Спектакль "Кристина" на фестивале NET: Что увидела кухарка

Спектакль Кэти Митчелл и Лео Варнера «Кристина», закрывший фестиваль нового европейского театра (NET), превращает сцену в съемочный павильон, а драму – в дрёму
Даже саму себя кухарка из пьесы Стриндберга видит словно со стороны
Даже саму себя кухарка из пьесы Стриндберга видит словно со стороны / Stephen Cummiskey

Над сценой висит большой экран, сюжет спектакля разворачивается на нем. Это хрестоматийная драма Августа Стриндберга «Фрекен Жюли», только увиденная глазами кухарки Кристины. В ночь на Ивана Купалу юная фрекен флиртует с лакеем Жаном, Кристининым женихом. К утру будет растоптано все, на чем держался мир неосмотрительно переступившей сословную границу аристократки, а Жан рефлекторно встрепенется на звонок хозяина. Но нам интересно узнать, как пережила эту ночь Кристина. Что она слышала. Что видела. Что снилось ей, заснувшей от усталости на кухне, когда в соседней комнате лакей покрывал госпожу (Стриндберг, как известно, шокировал современников физиологизмом).

Знакомый поворот. Классический пример – «Розенкранц и Гильденстерн мертвы» Тома Стоппарда, «Гамлет» с точки зрения двух посыльных. Но те были болтливы, а Кристина (Юле Бёве) задумчива и тиха. Ночь на Ивана Купалу – ночь гаданий, вещих снов.

А что есть сон? Камера, мотор, снято! Кэти Митчелл и Лео Варнер выкатывают на сцену компактную машинерию грез и обустраивают мир Кристины со всей тщательностью и деликатностью, на которые способны кадрирование, монтаж и крупный план. В полумраке статисты (среди которых Жан и Жюли) ловко переставляют софиты, направляют камеры, двигают мобильные декорации. Тут же, на авансцене, трудятся работники озвучания: шуршат и скрипят, топочут, стучат, шелестят, льют воду.

Перед нами разворачивается кино в реальном времени. На экране мы видим не сырую запись, но выверенный по всем канонам фильм, который разыгрывается, снимается, озвучивается и монтируется здесь и сейчас (ведь кто-то выбирает ракурс и крупность плана, решает, когда сменить точку съемки и включить другую камеру). Этот фильм что-то смутно напоминает, но искать прямые аналогии бессмысленно. То, что мы видим на экране, отсылает не столько к чему-то конкретному, сколько к киноязыку как таковому. Акцентирует лексику и грамматику, а через них – мифологию экранного образа. Ближе к финалу Кристина видит сон. Но можно сказать, что технологически весь спектакль есть сон Кристины.

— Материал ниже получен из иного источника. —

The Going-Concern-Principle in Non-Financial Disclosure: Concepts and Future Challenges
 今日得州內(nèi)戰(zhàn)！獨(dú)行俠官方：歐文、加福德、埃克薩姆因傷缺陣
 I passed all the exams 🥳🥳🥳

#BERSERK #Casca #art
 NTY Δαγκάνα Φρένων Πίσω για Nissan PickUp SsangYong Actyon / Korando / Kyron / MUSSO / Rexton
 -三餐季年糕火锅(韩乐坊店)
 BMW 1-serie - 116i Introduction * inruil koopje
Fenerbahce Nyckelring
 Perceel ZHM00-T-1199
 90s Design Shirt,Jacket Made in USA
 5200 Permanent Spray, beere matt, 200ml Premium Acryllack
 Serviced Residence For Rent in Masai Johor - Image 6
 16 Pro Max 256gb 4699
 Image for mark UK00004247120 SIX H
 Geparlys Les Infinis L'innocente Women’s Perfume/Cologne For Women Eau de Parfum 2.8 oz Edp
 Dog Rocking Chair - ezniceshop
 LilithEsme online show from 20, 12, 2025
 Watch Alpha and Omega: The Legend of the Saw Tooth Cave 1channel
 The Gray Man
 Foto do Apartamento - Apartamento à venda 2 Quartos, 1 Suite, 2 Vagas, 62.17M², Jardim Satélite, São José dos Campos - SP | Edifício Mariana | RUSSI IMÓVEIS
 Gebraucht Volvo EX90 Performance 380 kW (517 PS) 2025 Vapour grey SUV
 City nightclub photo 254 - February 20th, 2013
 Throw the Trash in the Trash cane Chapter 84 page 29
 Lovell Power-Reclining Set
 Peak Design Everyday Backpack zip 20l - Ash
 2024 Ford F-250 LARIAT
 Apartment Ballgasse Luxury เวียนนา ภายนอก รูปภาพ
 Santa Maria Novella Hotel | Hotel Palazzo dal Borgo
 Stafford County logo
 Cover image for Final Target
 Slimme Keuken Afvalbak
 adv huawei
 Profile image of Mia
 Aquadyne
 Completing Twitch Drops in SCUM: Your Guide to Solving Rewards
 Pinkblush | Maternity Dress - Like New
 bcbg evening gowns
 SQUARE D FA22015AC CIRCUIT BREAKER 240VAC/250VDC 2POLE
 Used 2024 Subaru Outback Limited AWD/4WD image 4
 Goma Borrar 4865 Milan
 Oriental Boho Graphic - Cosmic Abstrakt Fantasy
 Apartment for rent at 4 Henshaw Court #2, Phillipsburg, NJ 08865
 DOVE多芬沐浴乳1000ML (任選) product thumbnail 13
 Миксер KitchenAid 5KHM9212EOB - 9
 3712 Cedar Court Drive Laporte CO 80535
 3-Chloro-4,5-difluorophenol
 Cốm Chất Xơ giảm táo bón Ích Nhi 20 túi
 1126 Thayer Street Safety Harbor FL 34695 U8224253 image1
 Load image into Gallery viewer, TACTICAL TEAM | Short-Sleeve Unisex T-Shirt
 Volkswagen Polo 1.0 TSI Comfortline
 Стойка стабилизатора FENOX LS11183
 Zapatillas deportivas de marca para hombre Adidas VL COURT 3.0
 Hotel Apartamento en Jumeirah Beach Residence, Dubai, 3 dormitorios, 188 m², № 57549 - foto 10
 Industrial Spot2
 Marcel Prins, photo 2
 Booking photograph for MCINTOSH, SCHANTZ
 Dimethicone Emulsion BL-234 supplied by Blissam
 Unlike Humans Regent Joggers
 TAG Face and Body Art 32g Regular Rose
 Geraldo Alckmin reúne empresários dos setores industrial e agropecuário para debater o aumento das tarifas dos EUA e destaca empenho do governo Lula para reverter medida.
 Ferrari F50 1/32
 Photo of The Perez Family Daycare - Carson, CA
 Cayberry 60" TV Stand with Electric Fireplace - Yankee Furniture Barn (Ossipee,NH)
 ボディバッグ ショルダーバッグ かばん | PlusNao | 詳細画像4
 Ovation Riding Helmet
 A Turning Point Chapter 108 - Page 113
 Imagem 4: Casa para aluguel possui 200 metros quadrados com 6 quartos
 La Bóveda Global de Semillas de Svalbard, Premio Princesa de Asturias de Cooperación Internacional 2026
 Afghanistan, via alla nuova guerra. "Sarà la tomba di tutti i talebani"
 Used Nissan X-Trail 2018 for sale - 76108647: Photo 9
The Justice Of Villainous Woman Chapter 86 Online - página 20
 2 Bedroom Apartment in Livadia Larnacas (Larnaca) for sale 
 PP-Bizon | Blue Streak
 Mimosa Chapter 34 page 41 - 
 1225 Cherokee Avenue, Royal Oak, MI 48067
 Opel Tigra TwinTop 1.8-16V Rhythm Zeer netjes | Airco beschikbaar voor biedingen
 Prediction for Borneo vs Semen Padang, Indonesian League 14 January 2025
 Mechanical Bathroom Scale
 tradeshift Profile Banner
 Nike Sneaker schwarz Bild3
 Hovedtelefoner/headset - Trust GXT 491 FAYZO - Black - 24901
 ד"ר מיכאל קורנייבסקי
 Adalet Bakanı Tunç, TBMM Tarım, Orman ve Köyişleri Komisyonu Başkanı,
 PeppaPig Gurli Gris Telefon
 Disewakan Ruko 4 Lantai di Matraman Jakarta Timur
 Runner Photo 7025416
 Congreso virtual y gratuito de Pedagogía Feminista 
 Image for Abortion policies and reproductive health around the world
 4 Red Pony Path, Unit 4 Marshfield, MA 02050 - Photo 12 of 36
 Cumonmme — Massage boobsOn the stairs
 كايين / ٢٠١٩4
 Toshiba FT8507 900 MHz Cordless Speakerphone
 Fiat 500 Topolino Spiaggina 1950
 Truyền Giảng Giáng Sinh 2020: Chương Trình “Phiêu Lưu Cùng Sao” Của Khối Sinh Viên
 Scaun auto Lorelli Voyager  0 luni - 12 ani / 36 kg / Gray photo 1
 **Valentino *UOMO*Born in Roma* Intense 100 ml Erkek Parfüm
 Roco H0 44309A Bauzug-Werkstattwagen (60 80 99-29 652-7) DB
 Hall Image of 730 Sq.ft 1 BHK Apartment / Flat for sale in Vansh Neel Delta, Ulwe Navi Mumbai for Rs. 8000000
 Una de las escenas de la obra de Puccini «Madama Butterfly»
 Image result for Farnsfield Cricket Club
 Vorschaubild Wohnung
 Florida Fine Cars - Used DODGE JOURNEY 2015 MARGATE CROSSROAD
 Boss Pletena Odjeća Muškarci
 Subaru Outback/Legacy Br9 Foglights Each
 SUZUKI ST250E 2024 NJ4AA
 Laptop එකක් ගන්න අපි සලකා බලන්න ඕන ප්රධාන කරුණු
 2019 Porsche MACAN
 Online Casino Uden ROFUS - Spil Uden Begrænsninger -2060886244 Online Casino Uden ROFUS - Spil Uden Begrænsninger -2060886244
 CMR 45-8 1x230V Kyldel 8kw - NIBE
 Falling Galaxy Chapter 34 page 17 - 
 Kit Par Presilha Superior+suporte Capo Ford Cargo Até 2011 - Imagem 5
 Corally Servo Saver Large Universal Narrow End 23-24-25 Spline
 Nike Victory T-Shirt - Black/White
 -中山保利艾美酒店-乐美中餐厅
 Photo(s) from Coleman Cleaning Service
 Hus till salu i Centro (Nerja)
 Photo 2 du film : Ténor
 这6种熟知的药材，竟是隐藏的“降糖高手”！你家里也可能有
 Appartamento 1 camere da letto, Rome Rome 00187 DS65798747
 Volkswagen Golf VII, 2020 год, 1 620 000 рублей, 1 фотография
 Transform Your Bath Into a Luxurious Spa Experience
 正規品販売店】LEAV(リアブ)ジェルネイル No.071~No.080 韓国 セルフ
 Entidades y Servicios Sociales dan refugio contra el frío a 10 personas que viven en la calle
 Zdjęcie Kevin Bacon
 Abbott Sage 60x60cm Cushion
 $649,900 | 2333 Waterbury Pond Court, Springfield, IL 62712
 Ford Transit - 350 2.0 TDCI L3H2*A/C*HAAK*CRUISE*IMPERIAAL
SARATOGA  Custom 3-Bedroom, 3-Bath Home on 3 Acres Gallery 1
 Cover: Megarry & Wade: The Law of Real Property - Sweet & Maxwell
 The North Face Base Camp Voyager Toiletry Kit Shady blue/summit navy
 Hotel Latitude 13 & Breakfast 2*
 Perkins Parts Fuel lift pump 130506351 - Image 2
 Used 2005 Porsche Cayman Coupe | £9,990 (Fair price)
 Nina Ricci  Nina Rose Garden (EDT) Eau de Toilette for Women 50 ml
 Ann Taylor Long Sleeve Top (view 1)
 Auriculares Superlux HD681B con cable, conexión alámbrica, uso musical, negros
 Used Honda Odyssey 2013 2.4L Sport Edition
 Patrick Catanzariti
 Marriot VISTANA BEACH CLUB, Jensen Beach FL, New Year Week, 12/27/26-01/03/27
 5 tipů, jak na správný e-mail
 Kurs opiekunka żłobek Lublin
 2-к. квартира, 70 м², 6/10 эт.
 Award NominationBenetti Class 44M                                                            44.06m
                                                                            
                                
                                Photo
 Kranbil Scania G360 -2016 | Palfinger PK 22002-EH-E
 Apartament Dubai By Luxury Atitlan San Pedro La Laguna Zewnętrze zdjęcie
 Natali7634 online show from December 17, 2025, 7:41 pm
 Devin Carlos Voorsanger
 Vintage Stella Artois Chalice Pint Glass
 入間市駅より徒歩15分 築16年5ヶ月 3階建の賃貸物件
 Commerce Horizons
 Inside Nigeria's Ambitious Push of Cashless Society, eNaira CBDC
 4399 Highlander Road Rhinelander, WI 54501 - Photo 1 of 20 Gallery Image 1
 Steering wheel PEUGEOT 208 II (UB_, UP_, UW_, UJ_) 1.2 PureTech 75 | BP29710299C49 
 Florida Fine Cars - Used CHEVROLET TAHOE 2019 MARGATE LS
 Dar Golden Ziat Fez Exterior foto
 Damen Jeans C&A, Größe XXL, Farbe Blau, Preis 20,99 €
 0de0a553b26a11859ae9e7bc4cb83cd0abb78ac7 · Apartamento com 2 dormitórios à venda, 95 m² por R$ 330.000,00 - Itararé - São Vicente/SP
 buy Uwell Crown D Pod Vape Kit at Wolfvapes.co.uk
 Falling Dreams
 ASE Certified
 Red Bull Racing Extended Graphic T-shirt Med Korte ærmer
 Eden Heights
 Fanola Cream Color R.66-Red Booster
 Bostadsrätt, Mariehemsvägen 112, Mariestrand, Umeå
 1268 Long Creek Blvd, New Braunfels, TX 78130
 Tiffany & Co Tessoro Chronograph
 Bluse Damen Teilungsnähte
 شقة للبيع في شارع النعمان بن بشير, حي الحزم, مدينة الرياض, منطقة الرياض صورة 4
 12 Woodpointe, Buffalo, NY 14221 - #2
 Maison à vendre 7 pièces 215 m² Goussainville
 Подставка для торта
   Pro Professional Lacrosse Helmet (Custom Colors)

Ее внутренний поэтический монолог в начале («Есть календула, есть мята, есть прошлое») – текст, немыслимый для кухарки, но совершенно адекватный поэтике изображения, сухим цветам под подушкой, зажженной свече, медленно размешанной в тазу воде, бытовой магии, в которую верит Кристина. Через киноязык Кэти Митчелл и Лео Варнер открывают социальное как пространство интимного, тайнопись мира, проступающую на фоне стриндберговской драмы. Показывают кухарку Кристину почти как пушкинскую Татьяну. «Ее тревожили приметы; / Таинственно ей все предметы / Провозглашали что-нибудь». Мир огромен и текуч, тревожен и драматичен, но иногда он поддается магии перечисления. Есть календула и мята, есть прошлое, есть свет, есть смерть, есть явь, есть фильм.